Saturday, August 6, 2011

Captain's Log, Day 40: Is Sarcasm a Superpower?

          I got to see Captain America today!
          For those of you who haven't seen it yet, I highly advise you do, so I'll try not to spoil the movie for you. To sum it up, it's awesome. I would totally build a shield and try some of the moves C.A. pulled off, if all my metal resources weren't being used on my Ironman suit.
          I think I'd make a pretty good superhero. I've got no problem with dangerous situations (as evidenced), have decent reflexes (ask my brother!), and am completely hopeless with girls (so I'd never have to deal with messy relationship issues when I should be concentrating on tracking down criminals or evil overlords).

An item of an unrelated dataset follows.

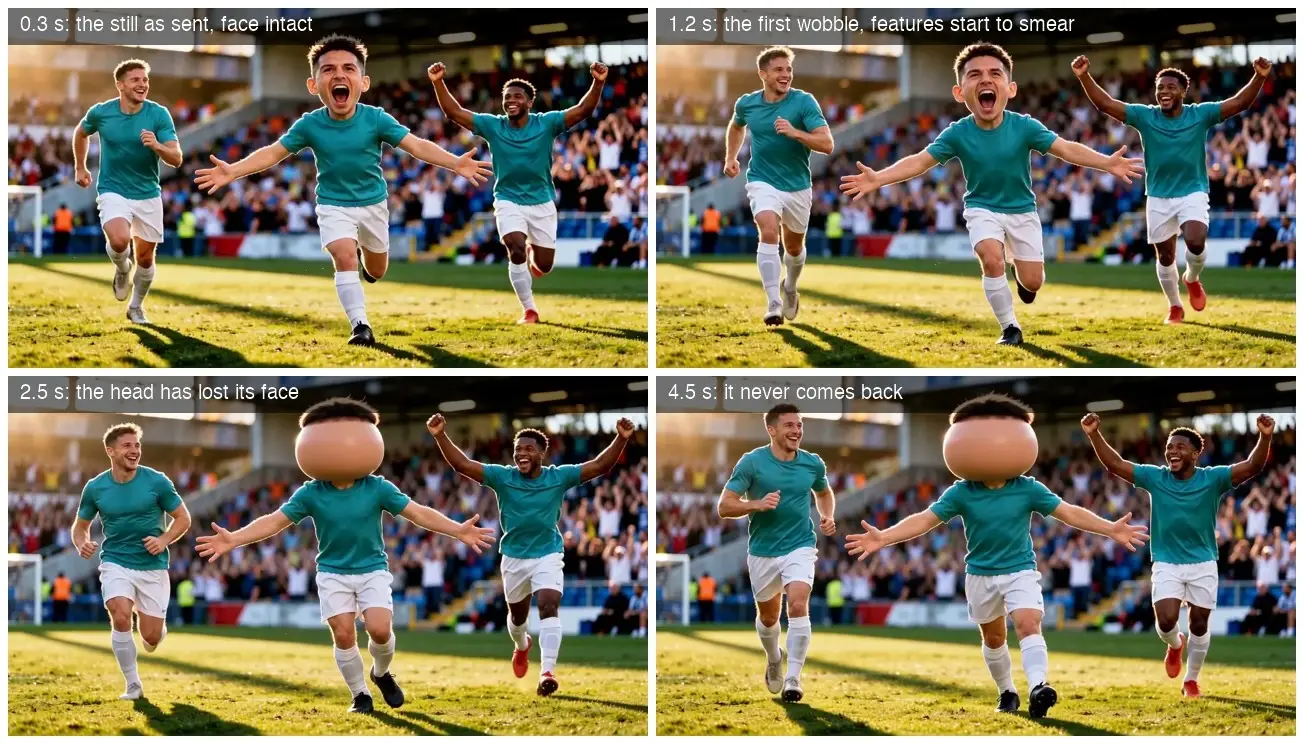Four-panel soccer scene showing runners; in later panels the center player's head becomes a blank oval.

          The only thing I can't decide is what my trademark weapon should be. Ironman has the suit, Captain America has the shield, Thor has the hammer, Chuck Norris has The Roundkick...seems like all the good weapons are taken. I would probably go with dual katanas as my trademark, but I'm definitely carrying some handguns for longer-range work. My ideal arsenal would be eight guns, two katanas, and two knives. And maybe some kind of metal forearm/hand protector, so I don't hurt myself when I try to do something stupid, like block a knife with my hand.

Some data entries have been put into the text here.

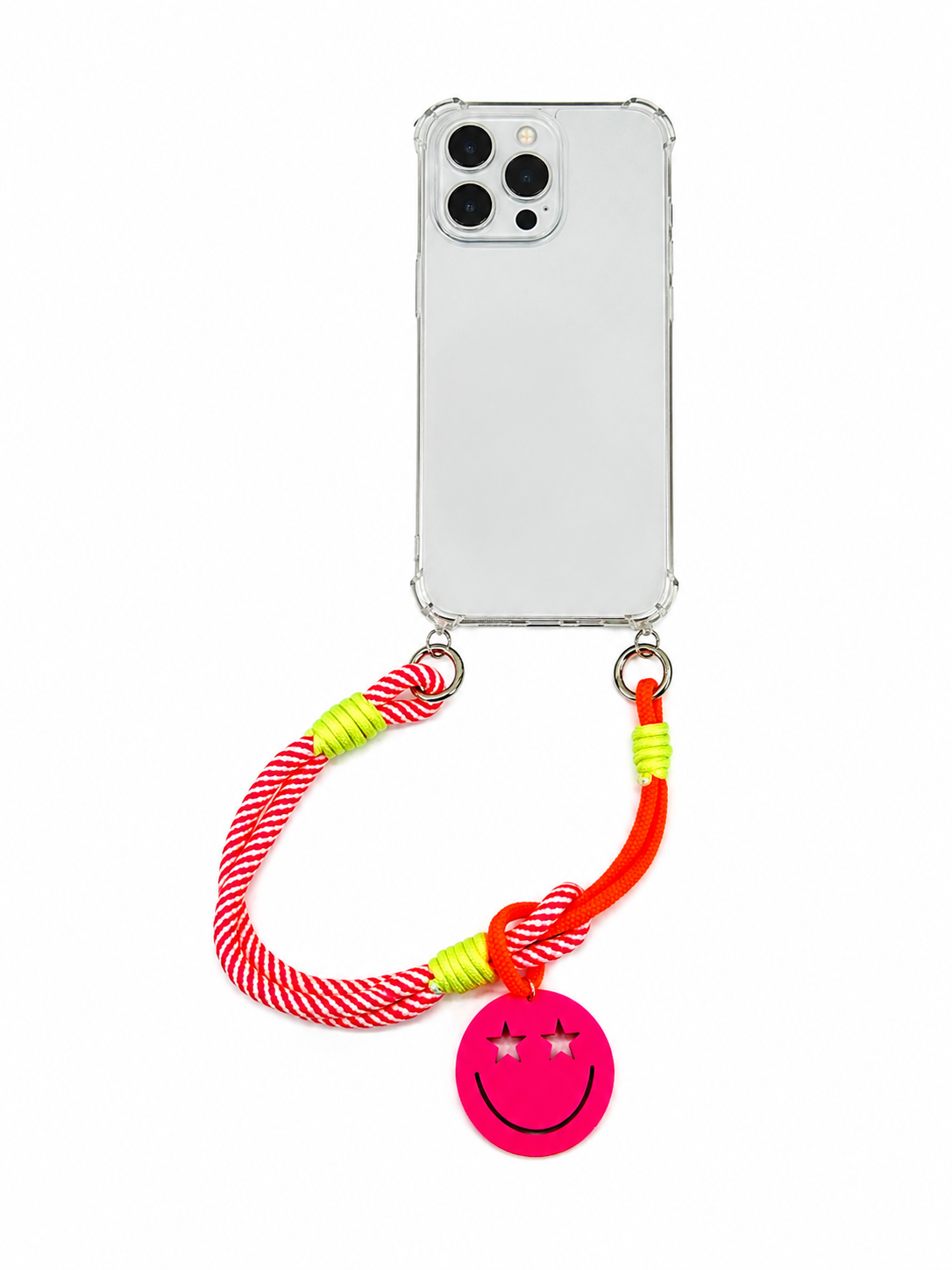 Kurze Handykette – Smiley Neon Pink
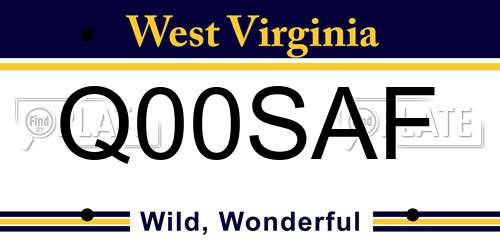 Q00SAF West Virginia License Plate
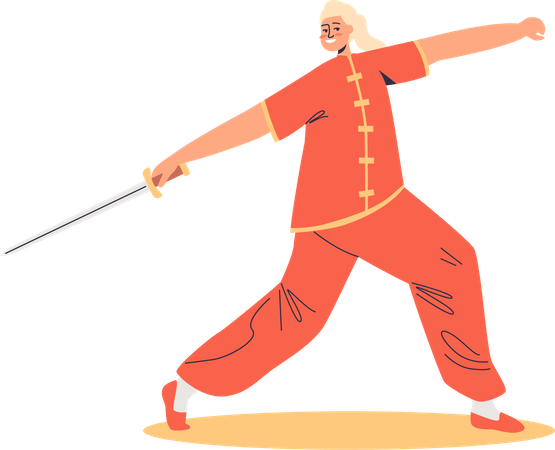 Mulher lutadora de kung fu  Ilustração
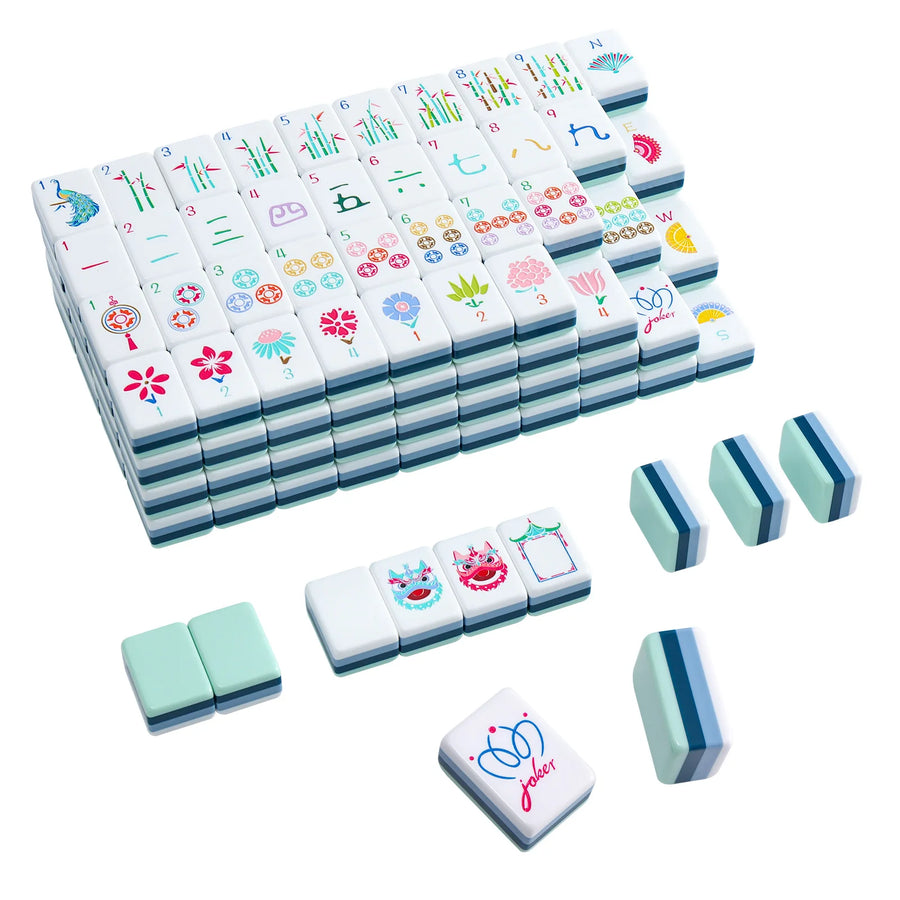 American Mahjong Tiles, 160 Pieces, Layered Green Acrylic, Spring Floral Bloom Design, view 9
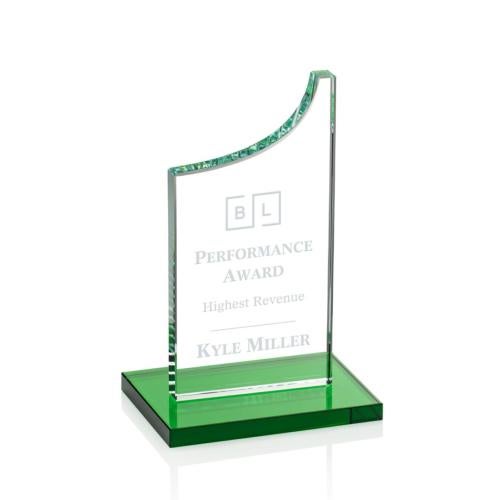 Corporate Awards - Crystal Awards - Colored Crystal - Eden Green Peak Crystal Award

          Believe it or not, I actually have a suit design made up in my mind. Unfortunately, I can't draw, so you can't see it. I would hire my sister, but I'm not that dedicated to being mocked. It's very ninja-like, though.
          I do have a weakness, though (besides my sarcasm, although I might argue that it might actually be a superpower)--I can't work in groups very well. I prefer to fight solo, on the rational that if something stupid happens, the only person I can blame is myself. Also, I don't want to accidentally take out teammates. That's typically frowned upon in superhero society. On the other hand, this is a better weakness than, say, kryptonite. Let me illustrate...

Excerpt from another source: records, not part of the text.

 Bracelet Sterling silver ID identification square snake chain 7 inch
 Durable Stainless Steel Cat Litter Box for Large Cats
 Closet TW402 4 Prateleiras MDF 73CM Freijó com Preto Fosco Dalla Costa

          Superman: "Surrender!"
          Evil guy: "Look, kryptonite!"
          Superman: "AAAAAAaaaakkk...."
 
          Me: "Surrender!"
          Evil guy: "Look! Here's a group you need to work with!"
          Me: "Whatever, I'll just blame them if you escape. Come on, hands up..."
          Evil guy: "Why can't you be allergic to kryptonite or cats or something?"
          Me: "I could fake a sneeze if it would make you feel better."
          Evil guy: "Could you let me escape, too?"

          Hmm, I appear to be a little overqualified, but that's a good thing, right? So where the heck is my letter from S.H.I.E.L.D.?????